Leftist Andres Manuel Lopez Obrador said his protests over alleged electoral fraud that have clogged Mexico City's center will transform into a long-term radical movement to change the nation.
The former Mexico City mayor, who claims electoral officials have tried to rig the July 2 presidential vote, told a crowd of about 5,000 supporters on Monday that his movement was just beginning.
"We are going to start a movement for the transformation of the nation's institutions," Lopez Obrador said. "We are going to transform our country and this is going to happen one way or the other."
The former Mexico City mayor has led a wave of protests to demand a vote by vote recount of the presidential election. An official count gave ruling party candidate Felipe Calderon an advantage of 0.6 percent, or about 240,000 votes, over Lopez Obrador.
The leftist candidate claims that a ballot-by-ballot recount would show he is the true winner.
On Monday, he lead a demonstration outside the Federal Electoral Tribunal, which ruled that it would only recount ballots at about 9 percent of the nation's 130,000 polling places, where it said there was evidence that the vote may have been miscounted.
Lopez Obrador wants the court to recount all of the 41 million votes cast and warned there would be consequences if it didn't agree.
"What is going to happen if they ratify this imposition?" he said in an angry, somewhat hoarse voice to his followers.
"Revolution!" his supporters replied with their fists in the air.
The court's seven judges are unlikely to be swayed. They voted unanimously for a partial recount that will begin today and last no longer than five days. They have until Sept. 6 to declare a president-elect or annul the race.

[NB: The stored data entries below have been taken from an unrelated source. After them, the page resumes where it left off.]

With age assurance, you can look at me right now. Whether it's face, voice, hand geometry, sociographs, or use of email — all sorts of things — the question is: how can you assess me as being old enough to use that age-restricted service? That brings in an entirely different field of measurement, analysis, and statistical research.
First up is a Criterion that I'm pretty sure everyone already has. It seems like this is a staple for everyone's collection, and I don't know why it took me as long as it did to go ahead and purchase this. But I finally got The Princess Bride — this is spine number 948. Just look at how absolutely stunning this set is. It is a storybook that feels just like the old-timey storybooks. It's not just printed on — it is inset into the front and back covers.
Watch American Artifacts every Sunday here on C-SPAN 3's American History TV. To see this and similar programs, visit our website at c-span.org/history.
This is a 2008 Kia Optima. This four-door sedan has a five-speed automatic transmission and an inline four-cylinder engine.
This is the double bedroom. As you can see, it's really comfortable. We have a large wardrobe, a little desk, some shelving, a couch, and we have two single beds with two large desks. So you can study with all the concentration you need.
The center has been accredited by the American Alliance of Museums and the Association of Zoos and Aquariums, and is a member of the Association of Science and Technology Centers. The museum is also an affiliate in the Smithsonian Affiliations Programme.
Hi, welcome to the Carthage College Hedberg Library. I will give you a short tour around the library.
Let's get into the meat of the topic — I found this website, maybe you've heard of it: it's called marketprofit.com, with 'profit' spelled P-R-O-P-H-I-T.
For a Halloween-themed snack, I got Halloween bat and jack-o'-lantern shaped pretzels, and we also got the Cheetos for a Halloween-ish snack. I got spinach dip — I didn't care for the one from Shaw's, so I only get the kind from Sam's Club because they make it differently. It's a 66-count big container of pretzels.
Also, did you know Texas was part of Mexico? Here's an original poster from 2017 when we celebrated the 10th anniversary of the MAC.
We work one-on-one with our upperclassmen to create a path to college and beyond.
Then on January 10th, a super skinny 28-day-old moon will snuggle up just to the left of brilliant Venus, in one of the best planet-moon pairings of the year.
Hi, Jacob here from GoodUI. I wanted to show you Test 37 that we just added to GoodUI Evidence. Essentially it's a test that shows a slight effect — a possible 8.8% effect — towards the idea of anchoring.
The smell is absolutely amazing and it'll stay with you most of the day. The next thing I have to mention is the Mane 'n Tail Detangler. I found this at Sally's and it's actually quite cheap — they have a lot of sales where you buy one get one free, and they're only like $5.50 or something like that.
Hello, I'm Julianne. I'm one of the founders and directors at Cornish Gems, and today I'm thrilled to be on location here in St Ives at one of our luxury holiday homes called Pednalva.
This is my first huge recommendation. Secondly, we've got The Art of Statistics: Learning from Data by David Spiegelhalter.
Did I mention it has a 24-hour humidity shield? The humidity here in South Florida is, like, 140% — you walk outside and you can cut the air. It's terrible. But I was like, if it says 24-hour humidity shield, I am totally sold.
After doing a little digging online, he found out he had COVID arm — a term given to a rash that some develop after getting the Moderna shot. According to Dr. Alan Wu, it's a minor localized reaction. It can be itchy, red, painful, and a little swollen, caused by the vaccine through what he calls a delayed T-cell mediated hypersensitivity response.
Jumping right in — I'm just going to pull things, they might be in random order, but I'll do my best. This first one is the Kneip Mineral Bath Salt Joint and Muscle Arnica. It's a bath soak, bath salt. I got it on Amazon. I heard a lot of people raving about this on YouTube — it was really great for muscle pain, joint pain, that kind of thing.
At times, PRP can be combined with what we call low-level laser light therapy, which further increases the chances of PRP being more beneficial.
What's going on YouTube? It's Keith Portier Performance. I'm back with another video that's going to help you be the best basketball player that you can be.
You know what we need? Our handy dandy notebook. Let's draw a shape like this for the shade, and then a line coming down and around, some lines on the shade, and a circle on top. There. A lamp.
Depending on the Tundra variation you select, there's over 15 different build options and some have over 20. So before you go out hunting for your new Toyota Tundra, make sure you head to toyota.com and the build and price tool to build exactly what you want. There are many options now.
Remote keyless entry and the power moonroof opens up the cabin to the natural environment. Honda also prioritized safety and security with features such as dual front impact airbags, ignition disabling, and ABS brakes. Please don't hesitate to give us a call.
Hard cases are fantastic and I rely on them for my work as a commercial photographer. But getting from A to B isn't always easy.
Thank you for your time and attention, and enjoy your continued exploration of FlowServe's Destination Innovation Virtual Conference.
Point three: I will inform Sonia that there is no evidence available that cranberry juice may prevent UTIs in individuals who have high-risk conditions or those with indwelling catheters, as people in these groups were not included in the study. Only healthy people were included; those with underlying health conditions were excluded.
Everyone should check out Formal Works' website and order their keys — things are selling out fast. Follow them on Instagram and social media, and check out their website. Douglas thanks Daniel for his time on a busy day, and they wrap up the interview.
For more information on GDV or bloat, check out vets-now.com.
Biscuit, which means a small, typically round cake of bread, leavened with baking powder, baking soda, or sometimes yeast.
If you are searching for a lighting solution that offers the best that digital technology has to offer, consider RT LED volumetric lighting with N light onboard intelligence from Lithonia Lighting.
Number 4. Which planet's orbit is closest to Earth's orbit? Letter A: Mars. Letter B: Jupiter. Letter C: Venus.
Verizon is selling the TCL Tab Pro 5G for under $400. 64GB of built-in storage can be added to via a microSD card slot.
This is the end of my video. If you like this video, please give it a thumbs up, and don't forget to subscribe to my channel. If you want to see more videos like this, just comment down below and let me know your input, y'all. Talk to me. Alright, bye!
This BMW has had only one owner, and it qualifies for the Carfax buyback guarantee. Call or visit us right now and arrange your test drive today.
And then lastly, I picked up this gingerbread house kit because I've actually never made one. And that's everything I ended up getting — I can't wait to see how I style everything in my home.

To press his case, leaders of parties supporting Lopez Obrador have called on protesters to follow Fox and demonstrate at every one of the president's public events.
On Monday, two Lopez Obrador supporters heckled President Vicente Fox, waving a banner that declared him a "traitor" as he spoke before a group of Indians in the state of Puebla.
Lopez Obrador has accused Fox, whose historic victory in 2000 ended 71 years of one-party rule, of using the presidency to ensure that his party won the election and called him a "traitor to democracy."
"Liberty of expression should be used responsibly," Fox replied to the hecklers. "Calling somebody a traitor is very serious. Nobody in this country should call somebody a traitor."
Supporters of Lopez Obrador have held a weeklong blockade of the capital's financial and cultural heart that is costing the city an estimated US$23 million a day in lost commerce and causing traffic jams throughout the city.
Although Lopez Obrador has urged the protesters to remain peaceful, many say they are ready for confrontation.
"We will carry on as far as possible," said protester Francisco Estrada, "until the people's will is fulfilled."
Representatives of Lopez Obrador's Democratic Revolution Party and Calderon's National Action Party will observe the partial recount, examining the markings on each ballot and challenging votes where they can.
The process could potentially swing the count in Lopez Obrador's favor. However, overcoming a 244,000-vote lead by re-examining just 9 percent of the ballots will be difficult.